E agora que já preambulei, entro directo na matéria: os meus livros.

Há um livro de patíbulos e de piratas que a misericórdia divina cedo me colocou nas mãos e de que serei eterno e desvairado leitor. Escreveu-o, em  estilo deliberadamente barroco, um escritor cego, de Buenos Aires.

Nesse livro, a que o autor chamou “História Universal da Infâmia”, o meu maior motivo de deleite é um pequeno conto de que é herói Billy the Kid, o assassino desinteressado.

Um tiro feliz e cobarde catapultou-o para a fama. Billy disparou, coberto por uma barreira de homens temerosos, contra El Diego, um odioso mexicano que entrara no saloon gritando as boas noites a todos os gringos filhos de uma cadela que estavam a beber.

Billy morreu, pouco mais do que uma criança, aos vinte e um anos, o exacto número de mortos que, “sem contar os mexicanos”, como escreveu Borges, devia à justiça dos homens. Liquidou-o, sem glória nem ódio, o xerife Pat Garrett, seu amigo.

Em Fort Summers, sentado e meio-escondido numa arcada obscura, Garrett disparou, antes de lhe fazer qualquer pergunta, acertando-lhe em cheio na barriga. Ao fim de horas de agonia, Billy the Kid morreu – os habitantes da small town fecharam-se em casa, cortinas corridas até que, e nem uma mosca se ouvia, exalasse o último e assassino suspiro. Depois, em Fort Summers e arredores os precários habitantes exibiram-lhe longamente e com ferocidade o cadáver. E Jorge Luis Borges, o escritor cego que é seu autor, com desditada ironia conclui: “Ao quarto dia enterraram-no com júbilo”.

Do que é que eu gosto – e gosto despudoradamente – nesta história? Do puro prazer narrativo com que Borges a trata, convite para a lermos como se fossemos a velhinha docemente viciosa, que era o que Tennessee Williams chamava a Truman Capote.
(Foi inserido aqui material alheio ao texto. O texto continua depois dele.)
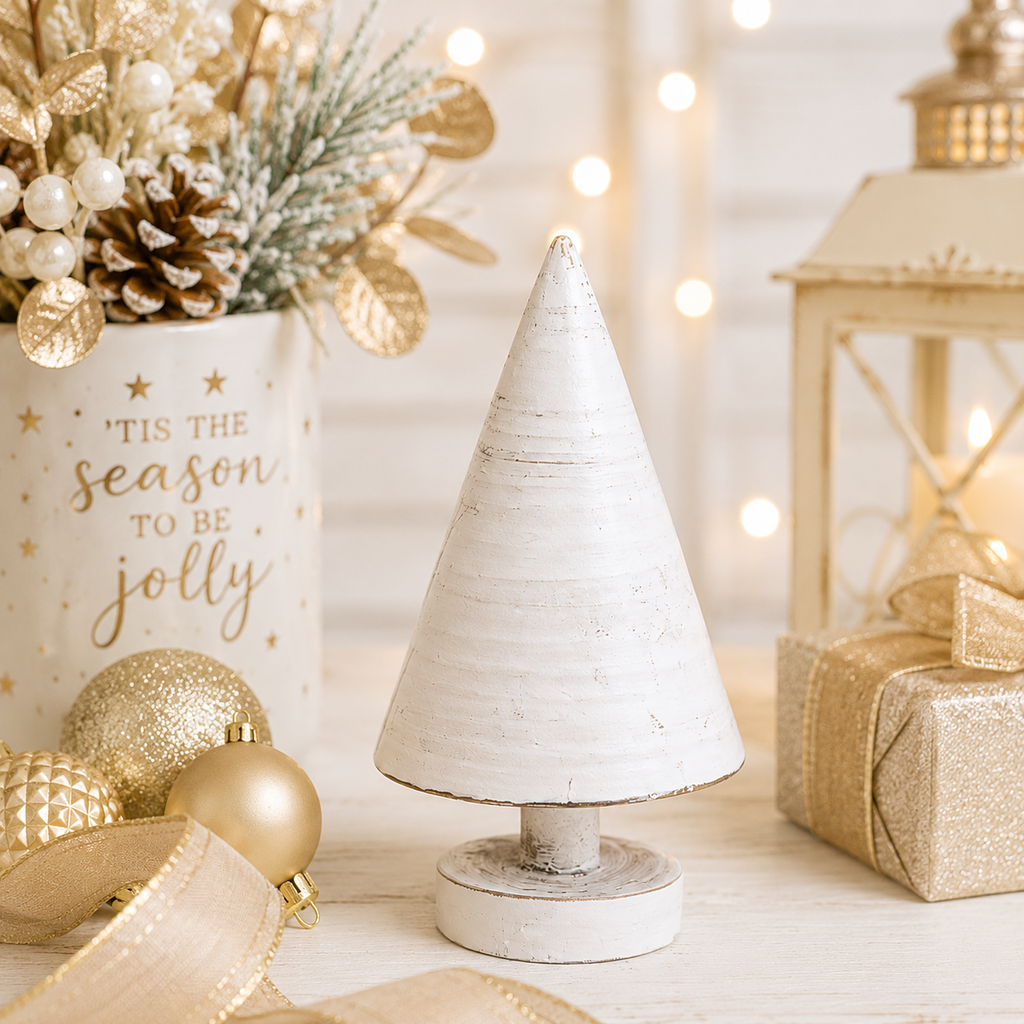 9" Wood Cutout on Stand - Christmas Tree | White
Sem falsos moralismos, nem desculpas, quinze vezes levada ao cinema (a penúltima foi no “I’m Not There”, onde é uma das personae de Bob Dylan; o último, “The Kid”, com Dane DeHaan e Ethan Hawke a fingirem de Kid e Pat) a história de Billy the Kid converte o abominável em sublime. O que, se estivéssemos a ler as notícias do dia ou a consumir telejornais, nos pareceria apenas torpe e hediondo, ganha na literatura (por vezes nos filmes e tantas vezes nas canções) a grandeza piedosa e épica da lenda.